Speaking on Friday at the Eldoret GK Prison during his familiarisation tour and inspection of prison departments in Uasin Gishu County, Mr Powon noted that there has been an increase of inmates in the country and that the department can only accommodate 27,000 prisoners.

“However, the number has increased to 55,185 prisoners who are in the facilities.

“Half of them are remandees and half are convicted,” Mr Powon said.

“So I am calling upon the Judiciary to speed up the cases and also look for other alternative forms of correction like community service to decongest the prisons,” he added.

Mr Powon, who was accompanied by Uasin Gishu County Governor Jackson Mandago, said that his ministry will expand training facilities and add new machines to the prison so that prisoners can engage in productive activities.

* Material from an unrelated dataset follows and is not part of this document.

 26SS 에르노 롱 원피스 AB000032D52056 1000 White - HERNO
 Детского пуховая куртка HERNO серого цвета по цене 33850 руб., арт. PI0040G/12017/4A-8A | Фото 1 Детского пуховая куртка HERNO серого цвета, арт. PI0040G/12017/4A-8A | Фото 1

“This will be factored in the coming 2016/17 budget. We want to see that the convicts engage in these activities in order to better themselves while in prison,” he said.

He urged the remandees who are willing to participate in these development activities to feel free and join.

He also said that his ministry is in consultations with the immigration department and IEBC departments to provide convicts with identification and voters’ cards so that they are registered and participate in elections.

On his part, Mr Mandago appealed to the national government to address issues facing prisons such as staff housing and congestion.

“We are very concerned as a county and we really want to appeal to your ministry and the Ministry of Housing to consider funding this prison so that we can get good staff housing as well as good facilities for correction,” said Mr Mandago.

He added that his government was ready to collaborate with the prison to ensure that programmes that support the reintegration of convicts into the society.

“For those who have gained skills, we are ready to work with them through the department of Culture and Social Services to see how they can be facilitated to fit back into the society and also continue generating income using the skills that they have acquired,” Mr Mandago said.

He added that his government had set aside funds to build a day-care centre in the prison for convicted mothers.